Conceptualizing something that can sinter and assemble PV cells was pretty easy, there are broad families of chemistries that work and they mainly differ on input temperatures and output efficiencies. Fairly tractable. But mineral extraction... yeesh, it's extremely difficult.
FWIW on the original article: I think the jump from "insulating wires" to "semiconductor fabs" was kind of obtuse. You don't necessarily need Turing complete PCBs or microchips for most (any?) of this.
> 2. Is there a credible inorganic-only pathway for electrical insulation and semiconductor packaging?
What about glass, SiO2?
One "solution" to these problems is to have the probes land on planets instead of asteroids, and build the necessary infrastructure there.
There is no doubt that compressing a whole industrial supply network into a little probe is incredibly hard.
But I can't see microgravity specifically as a huge challenge. If you can get a probe to another star system, you can probably figure out how to spin it.
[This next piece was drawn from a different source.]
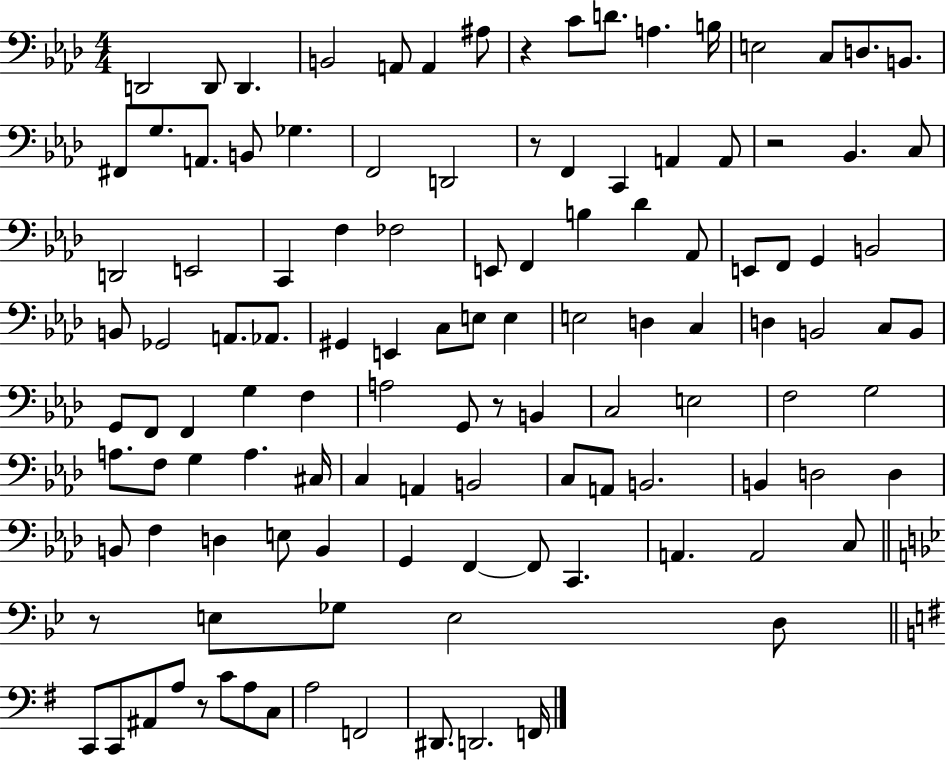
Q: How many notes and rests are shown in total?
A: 118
The thermodynamic argument seems much more important to the Fermi Paradox than any difficulties in refining material, but I don't think I understand it.
It’s true that current tech can’t do it and he has said it but it doesn’t mean new tech can’t do it. He is assuming other civilizations cannot do it and also assuming probes will be easily detected therefore there are no probes
Honestly, I always assumed that consensus was that replication is the hardest part. I believe we have almost none of the technologies required for that.
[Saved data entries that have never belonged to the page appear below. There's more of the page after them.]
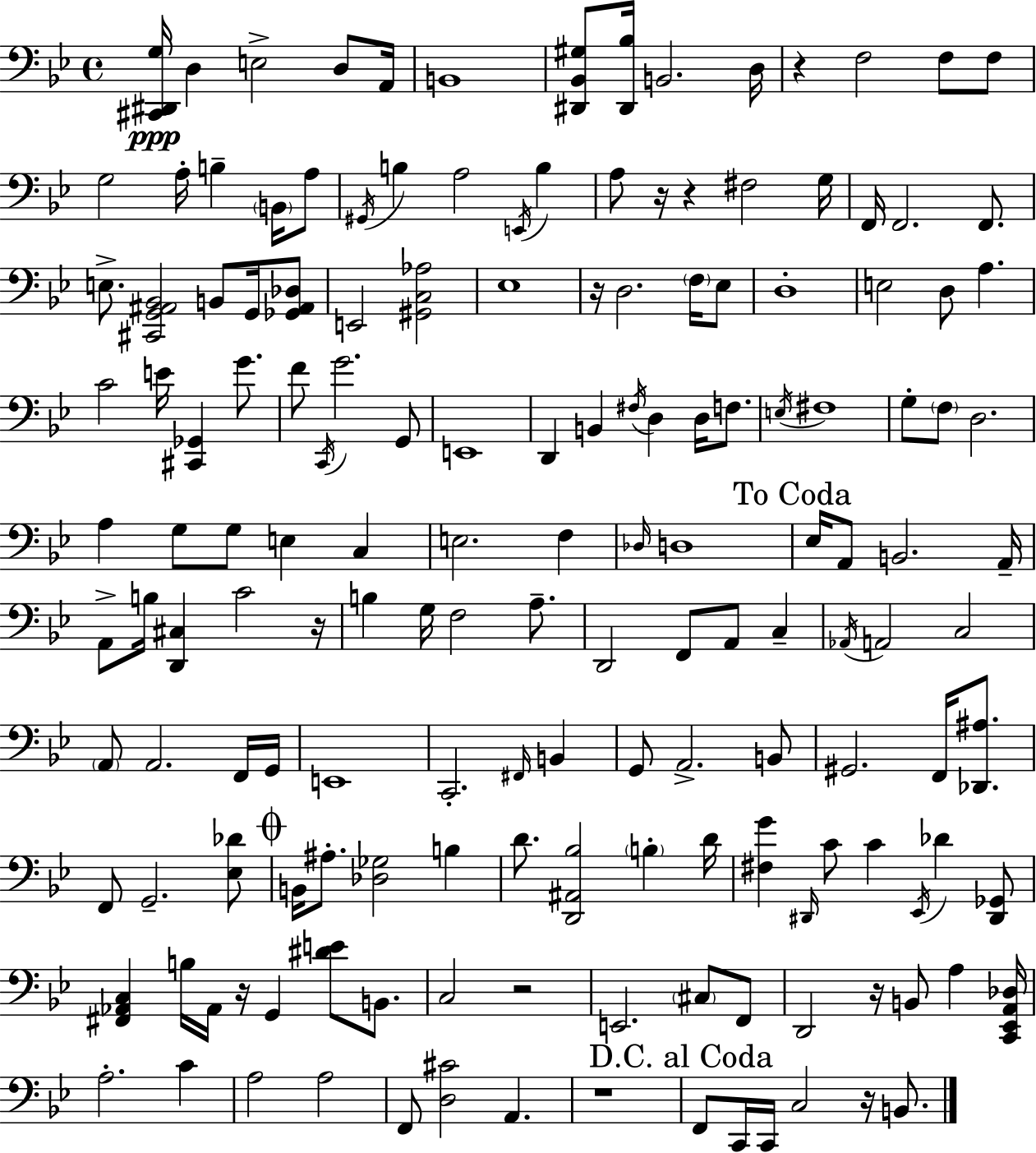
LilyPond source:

{
  \clef bass
  \time 4/4
  \defaultTimeSignature
  \key bes \major
  <cis, dis, g>16\ppp d4 e2-> d8 a,16 | b,1 | <dis, bes, gis>8 <dis, bes>16 b,2. d16 | r4 f2 f8 f8 | \break g2 a16-. b4-- \parenthesize b,16 a8 | \acciaccatura { gis,16 } b4 a2 \acciaccatura { e,16 } b4 | a8 r16 r4 fis2 | g16 f,16 f,2. f,8. | \break e8.-> <cis, g, ais, bes,>2 b,8 g,16 | <ges, ais, des>8 e,2 <gis, c aes>2 | ees1 | r16 d2. \parenthesize f16 | \break ees8 d1-. | e2 d8 a4. | c'2 e'16 <cis, ges,>4 g'8. | f'8 \acciaccatura { c,16 } g'2. | \break g,8 e,1 | d,4 b,4 \acciaccatura { fis16 } d4 | d16 f8. \acciaccatura { e16 } fis1 | g8-. \parenthesize f8 d2. | \break a4 g8 g8 e4 | c4 e2. | f4 \grace { des16 } d1 | \mark "To Coda" ees16 a,8 b,2. | \break a,16-- a,8-> b16 <d, cis>4 c'2 | r16 b4 g16 f2 | a8.-- d,2 f,8 | a,8 c4-- \acciaccatura { aes,16 } a,2 c2 | \break \parenthesize a,8 a,2. | f,16 g,16 e,1 | c,2.-. | \grace { fis,16 } b,4 g,8 a,2.-> | \break b,8 gis,2. | f,16 <des, ais>8. f,8 g,2.-- | <ees des'>8 \mark \markup { \musicglyph "scripts.coda" } b,16 ais8.-. <des ges>2 | b4 d'8. <d, ais, bes>2 | \break \parenthesize b4-. d'16 <fis g'>4 \grace { dis,16 } c'8 c'4 | \acciaccatura { ees,16 } des'4 <dis, ges,>8 <fis, aes, c>4 b16 aes,16 | r16 g,4 <dis' e'>8 b,8. c2 | r2 e,2. | \break \parenthesize cis8 f,8 d,2 | r16 b,8 a4 <c, ees, a, des>16 a2.-. | c'4 a2 | a2 f,8 <d cis'>2 | \break a,4. r1 | \mark "D.C. al Coda" f,8 c,16 c,16 c2 | r16 b,8. \bar "|."
}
Whenever I read of von Neumann probes I always thought "How can that even made possible?".
> Shrinking that into a 500 kg seed — or even Freitas’ original 100-ton seed — is not an engineering detail. It may be the entire problem.
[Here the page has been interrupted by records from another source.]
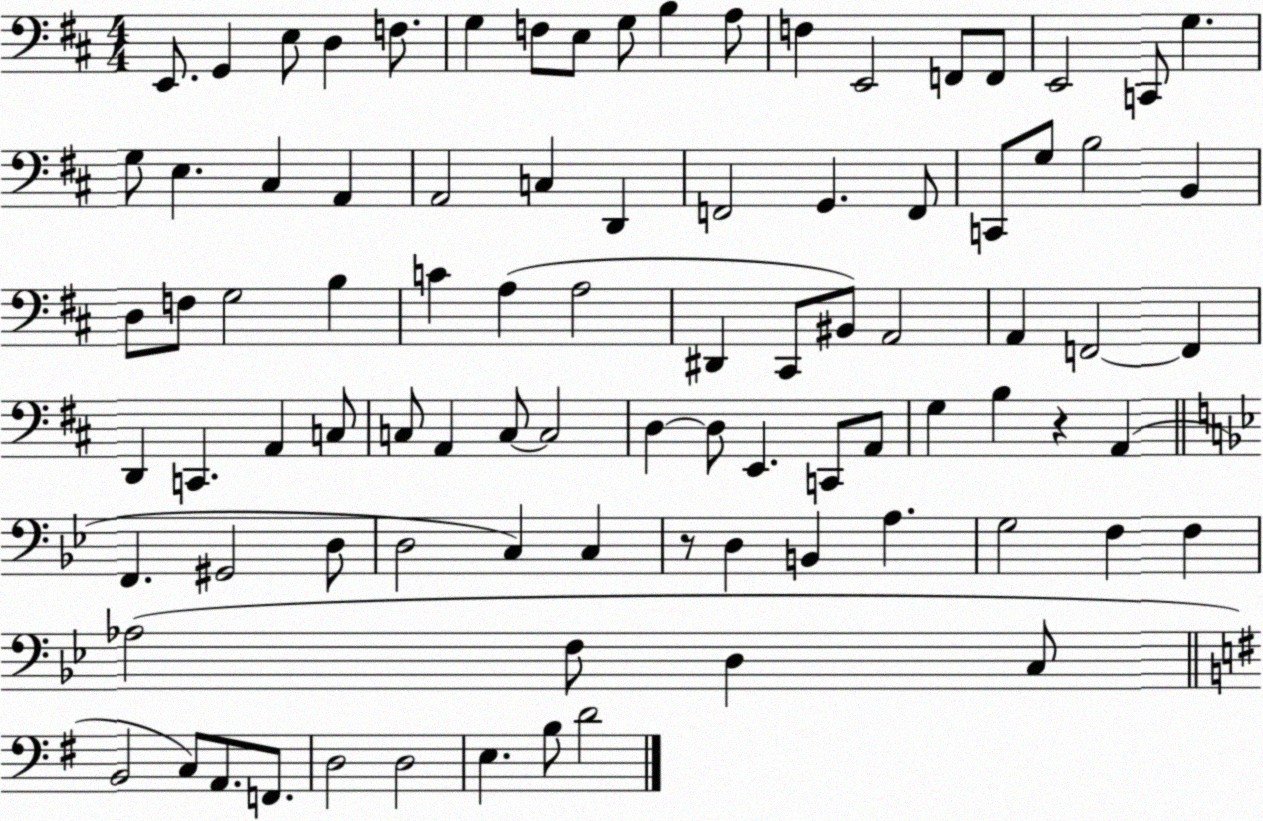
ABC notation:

X:1
T:Untitled
M:4/4
L:1/4
K:D
E,,/2 G,, E,/2 D, F,/2 G, F,/2 E,/2 G,/2 B, A,/2 F, E,,2 F,,/2 F,,/2 E,,2 C,,/2 G, G,/2 E, ^C, A,, A,,2 C, D,, F,,2 G,, F,,/2 C,,/2 G,/2 B,2 B,, D,/2 F,/2 G,2 B, C A, A,2 ^D,, ^C,,/2 ^B,,/2 A,,2 A,, F,,2 F,, D,, C,, A,, C,/2 C,/2 A,, C,/2 C,2 D, D,/2 E,, C,,/2 A,,/2 G, B, z A,, F,, ^G,,2 D,/2 D,2 C, C, z/2 D, B,, A, G,2 F, F, _A,2 F,/2 D, C,/2 B,,2 C,/2 A,,/2 F,,/2 D,2 D,2 E, B,/2 D2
How many AI tells can you count there?
But honestly (see what I did there?) the AI slop is reasonably cleaned up in this piece.
However, the essence of the argument has two deep flaws. One is that the time to complete an interstellar voyage is extremely long and you need some exergy, yada, yada, yada. We could start with sending self-replicating probes to the asteroid belt. There is zero chance that we'll attempt to send self-replicating probes to a different star system before we send them inside our own solar system. And the second error is this:
> Bootstrapping this loop [...] is a chicken-and-egg problem that no study I am aware of has worked through at the level of actual process flowsheets.
The fact that the current technology is not adequate, and nobody even attempted to solve such a problem is a weak argument. Three hundred years ago nobody had "worked through the process flowsheets" of making an injection molding machine, or a 3D printer, or a power drill, yet they are all available now.